▸ **Information supplied**
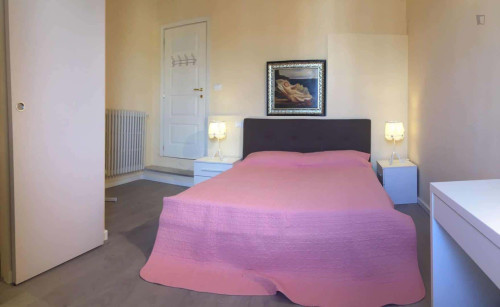 Room in Via dell'Anconella, Firenze for 66 m² with 2 bedrooms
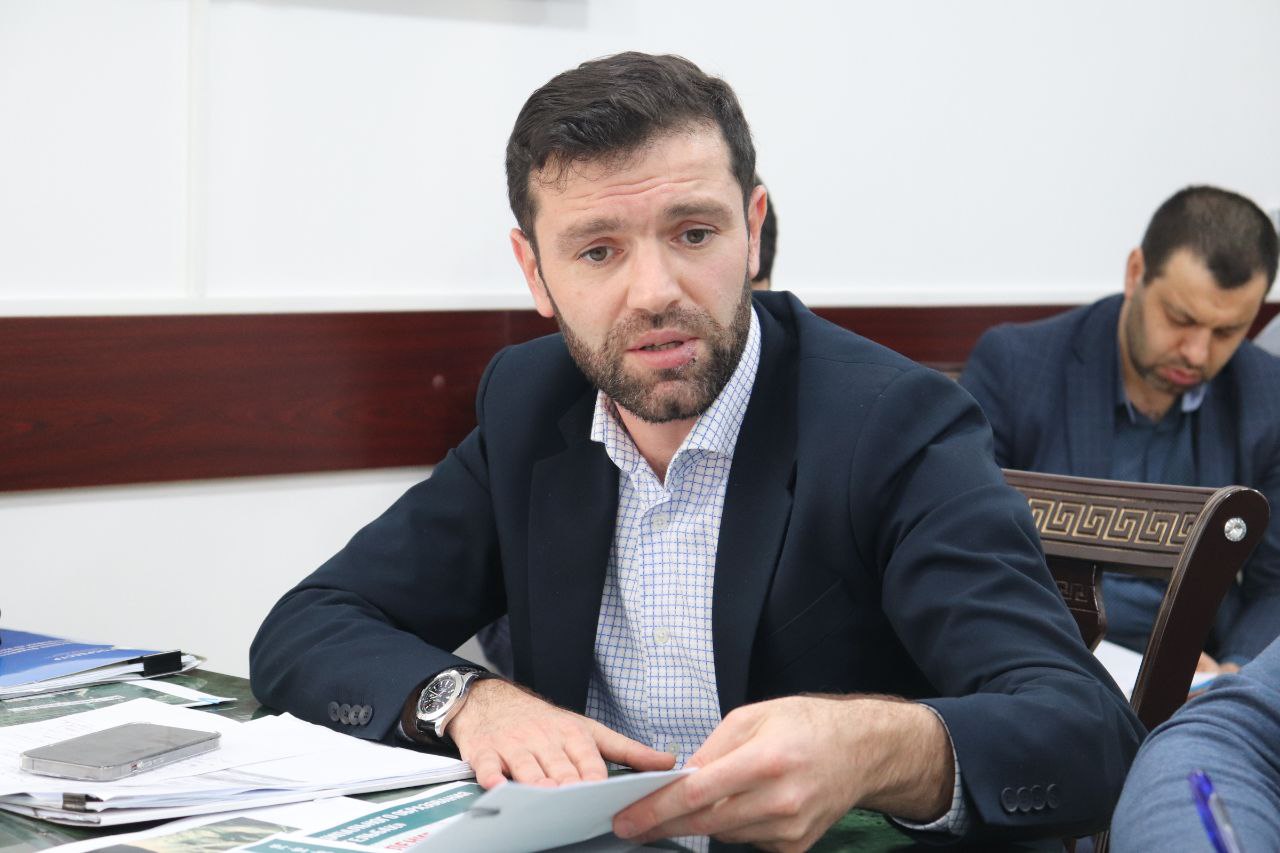 Сайт минимущества рд. Халилов Темирхан Минимущество. Минимущество Дагестана. Министр имущества Дагестана.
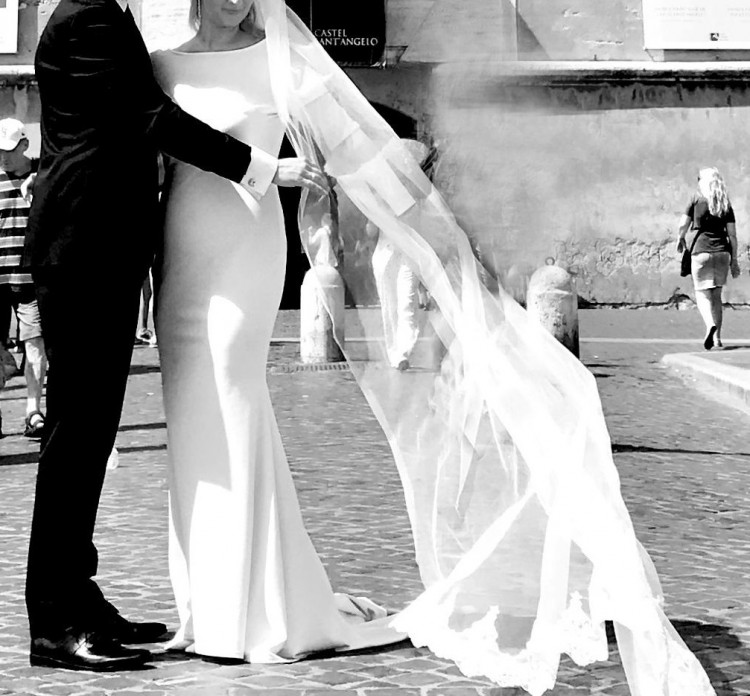 Gładka suknia ślubna/ na poprawiny lub na sesję zdjęciową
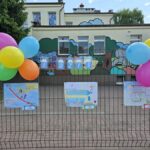 Wystawa prac na ogrodzeniu PM7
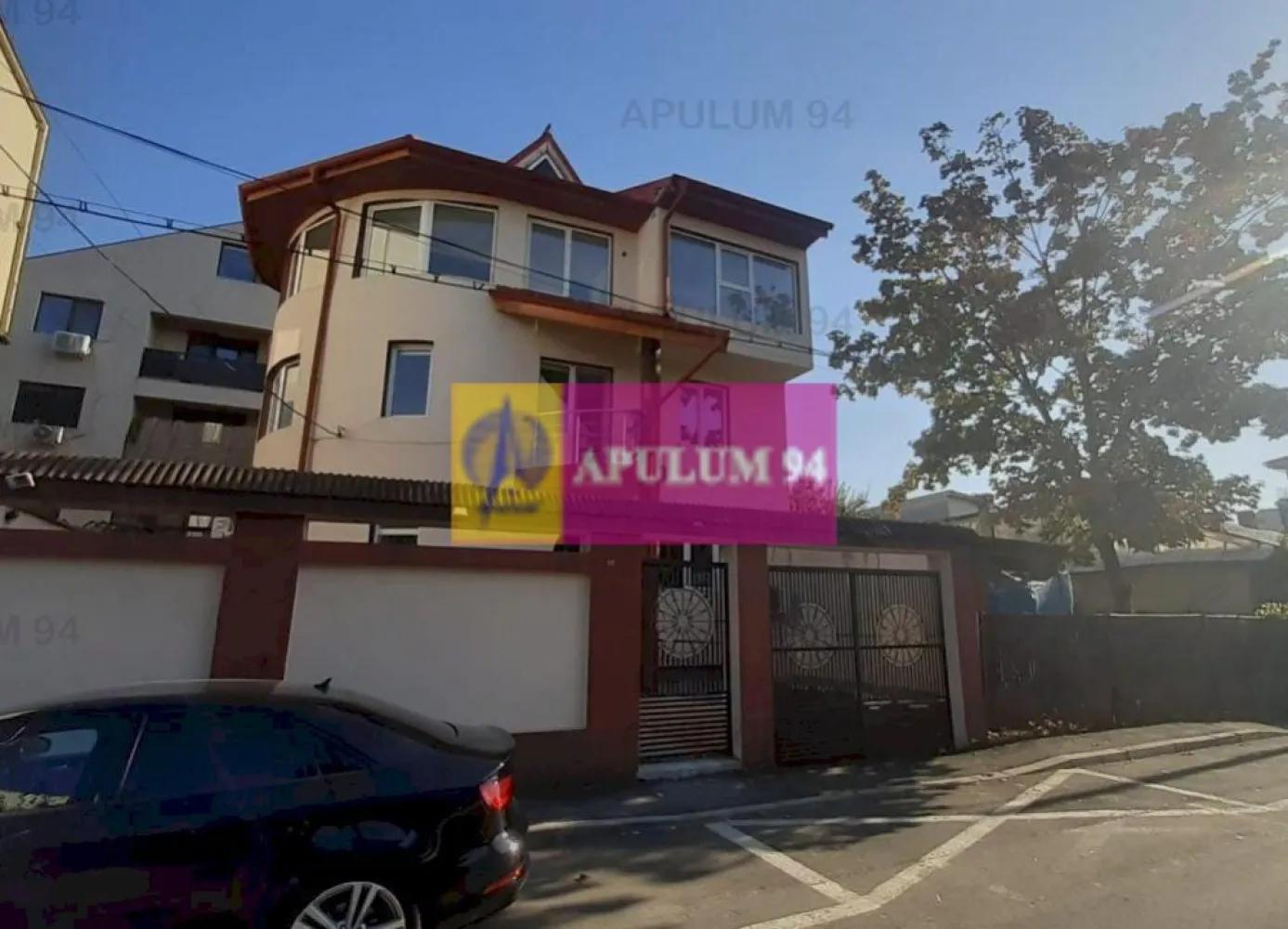 Casă-Vilă Brâncoveanu-Secuilor - Vă propun spre cumpărare o vilă frumoasă situată pe o stradă liniștită din spatele Spitalului de Copiii Marie Curie în apropiere de Bulevardul Brâncoveanu cu acces facil din strada Secuilor - Mega image. Este situată într-o zonă frumoasă de case-vile ferită de traficul de pe arterele circulate intens. Imobilul este construit relativ recent, acum aproximativ 20 ani, are un design deosebit și o compartimentare plăcută. Casa beneficiază de o curte mică pavată și la subsol avem un loc de parcare, deasemenea în fața casei se mai pot parca alte două mașini. La parter avem un salon din care se poate accesa zona de dinning și bucătăria. La etaj avem trei dormitoare și un grup sanitar iar la etajul 2 avem alte două dormitoare deservite de un grup sanitar. Deasupra etajului 2 avem un pod mansardabil care poate mări suprafața pentru depozitare sau poate avea o altă destinație. Pe certificatul de urbanism regim de înălțime este de P+3+M. Acoperișul este bine făcut și imobilul este foarte solid cu o structură de rezistență foarte bine realizată care permite în caz de necesitate posibilitatea unor recopartimentări. Metroul este la o distanță de 4-5 minute cu mașina sau 12-13 minute mers pe jos lejer, la fel și Parcul Tineretului/Orășelul Copiilor. Casa mai necesită anumite investiții însă nu la valori mari, sunt aspecte care se pot îmbunătăți ca la orice casă. Prețul afișat este mai accesibil tocmai în ideea de a oferi noului proprietar posibilitatea de a investi cât consideră în imobil ajungând și după investi. Proprietarul este deschis și la variante la schimb, ideal un teren sectorul 3 dar se poate și variante de apartament plus diferență în bani. Pentru mai multe detalii și programarea de vizionări nu ezitați să mă conatactați, Daniel, Apulum94. Facilităm și achiziționarea prin credit ipotecar prin intermediul partenerilor, agenția imobiliară percepe un comision de 3% din prețul de tranzacționare și la vizionare se semnează contract de prestări servicii.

▸ **What the exercise asks**
Repeat the entries exactly. Any picture is to be left out.

▸ **Answer for the task**
 Room in Via dell'Anconella, Firenze for 66 m² with 2 bedrooms
 Сайт минимущества рд. Халилов Темирхан Минимущество. Минимущество Дагестана. Министр имущества Дагестана.
 Gładka suknia ślubna/ na poprawiny lub na sesję zdjęciową
 Wystawa prac na ogrodzeniu PM7
 Casă-Vilă Brâncoveanu-Secuilor - Vă propun spre cumpărare o vilă frumoasă situată pe o stradă liniștită din spatele Spitalului de Copiii Marie Curie în apropiere de Bulevardul Brâncoveanu cu acces facil din strada Secuilor - Mega image. Este situată într-o zonă frumoasă de case-vile ferită de traficul de pe arterele circulate intens. Imobilul este construit relativ recent, acum aproximativ 20 ani, are un design deosebit și o compartimentare plăcută. Casa beneficiază de o curte mică pavată și la subsol avem un loc de parcare, deasemenea în fața casei se mai pot parca alte două mașini. La parter avem un salon din care se poate accesa zona de dinning și bucătăria. La etaj avem trei dormitoare și un grup sanitar iar la etajul 2 avem alte două dormitoare deservite de un grup sanitar. Deasupra etajului 2 avem un pod mansardabil care poate mări suprafața pentru depozitare sau poate avea o altă destinație. Pe certificatul de urbanism regim de înălțime este de P+3+M. Acoperișul este bine făcut și imobilul este foarte solid cu o structură de rezistență foarte bine realizată care permite în caz de necesitate posibilitatea unor recopartimentări. Metroul este la o distanță de 4-5 minute cu mașina sau 12-13 minute mers pe jos lejer, la fel și Parcul Tineretului/Orășelul Copiilor. Casa mai necesită anumite investiții însă nu la valori mari, sunt aspecte care se pot îmbunătăți ca la orice casă. Prețul afișat este mai accesibil tocmai în ideea de a oferi noului proprietar posibilitatea de a investi cât consideră în imobil ajungând și după investi. Proprietarul este deschis și la variante la schimb, ideal un teren sectorul 3 dar se poate și variante de apartament plus diferență în bani. Pentru mai multe detalii și programarea de vizionări nu ezitați să mă conatactați, Daniel, Apulum94. Facilităm și achiziționarea prin credit ipotecar prin intermediul partenerilor, agenția imobiliară percepe un comision de 3% din prețul de tranzacționare și la vizionare se semnează contract de prestări servicii.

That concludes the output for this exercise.